I don't know if all horns have similar patterns or if you need one of those orange wafers (phase plug) inside.
Some horns have similar patterns, but the radial phase plug has little if anything to do with the exceptionally uniform radiation pattern of the Altec Model 14 as shown in their ad. Rather, the controlling factor is the geometery of the horn that Altec used, which they called the "Manta Ray".
The Manta Ray was a constant-directivity diffraction horn; that is, the horn had deliberate, aggressive discontinuities
(internal slots and/or sharp angles or edges) which strongly diffracted the output causing the pattern to widen. So instead of the sound "beaming" at high frequencies and being concentrated on-axis, it was spread around fairly evenly within the coverage pattern. Since then many companies have used diffraction horns.
Let me back up and give a brief and incomplete overview of horn designs.
In the early days when amplifiers were weak, the most important characteristic of a horn was acoustic amplification. These early horns were typically very long and large, and had narrow radiation patterns. Their length and large mouth size helped them to be effective down to lower frequencies.
Sectoral horns were an early attempt to widen the coverage pattern. These use slots or vanes or cells to help spread out the high frequencies more uniformly.

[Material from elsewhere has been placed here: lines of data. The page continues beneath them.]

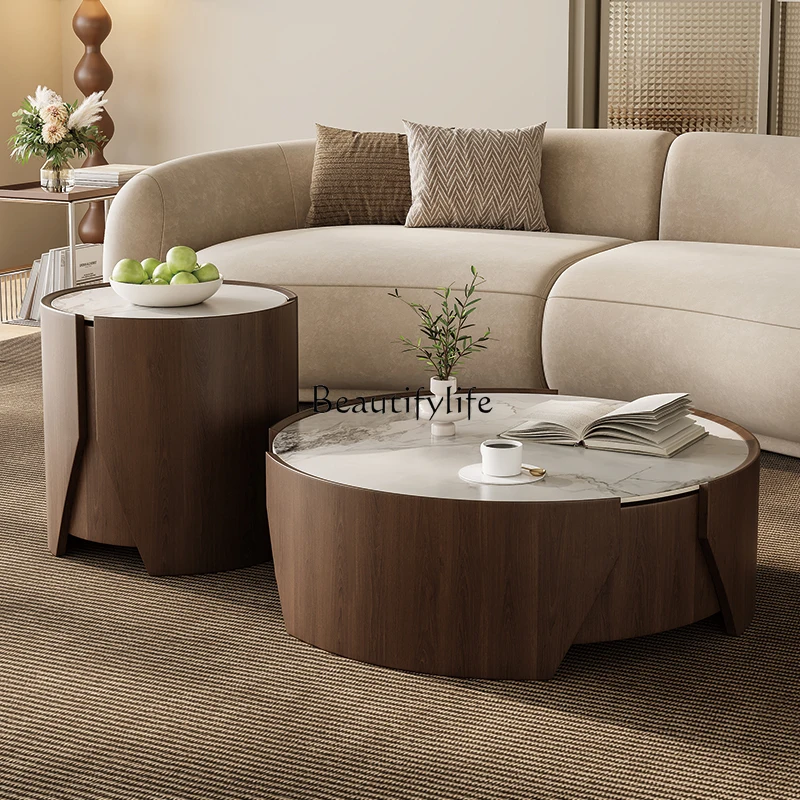 Medieval light luxury round rock slab coffee table combination household small apartment walnut pattern coffee table
Medieval light luxury round rock slab coffee table combination household small apartment walnut pattern coffee table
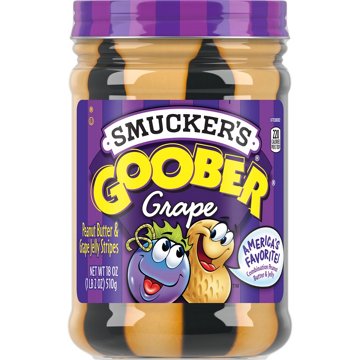 Smucker's Goober Peanut Butter & Grape Jelly Stripes, 18 oz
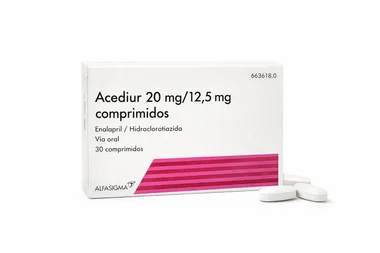 Аседиур (Acediur) — Эналаприл/Гидрохлортиазид, 20 мг/12,5 мг, таблетки, 30 шт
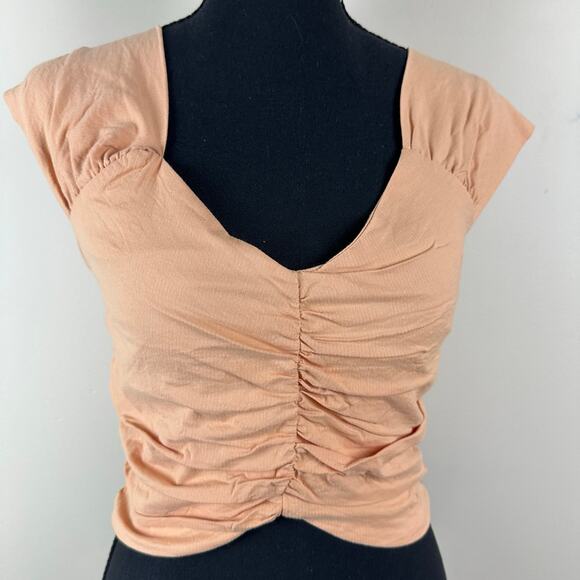 Vestique Ruched Cotton Crop Top Women S Peach Cap Sleeve Festival Y2K Streetwear - Picture 3 of 10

Diffraction horns like the Manta Ray use diffraction to spread the highs around, and diffraction horns have been widely used in prosound ever since, and are used in some high-end audio designs. Altec was one of the first to also incorporate "pattern matching" in the Model 19/Model 14 series. This is where the woofer's radiation pattern approximately matched the horn's pattern in the crossover region. The Model 19 used the same woofer and horn as its predecessor, the Valencia, but the crossover frequency was considerably higher, so that the woofer's pattern had narrowed enough to match the horn's pattern. The landmark JBL model 4430 studio monitor came along a few years later and was arguably a more "purist" application of this concept.
Meanwhile over in the high-end home audio world, much more gentle horn profiles began to show up: Tractrix, Exponential, Hyperbolic, Spherical, Le'Cleach, and so forth. These all have a trumpet-like profile, with a very gentle curvature back near the compression driver, and then the curvature accelerates near the mouth. One characteristic of this sort of profile is that the directivity of the high frequencies is controlled by the walls of the horn in the first few inches (where the angle is narrow), while the directivity of the lower frequencies is controlled by the walls of the horn near the mouth (where the angle is wider). So typically their radiation pattern gently narrows as we go up in frequency. One advantage of concentrating the highs into a smaller angle is higher efficiency; the amount of high-frequency energy available at the top end is often a limiting factor as far as the efficiency of a horn system goes, and a narrow pattern in the top octave results in higher on-axis efficency than you would get with a diffraction or multicell horn.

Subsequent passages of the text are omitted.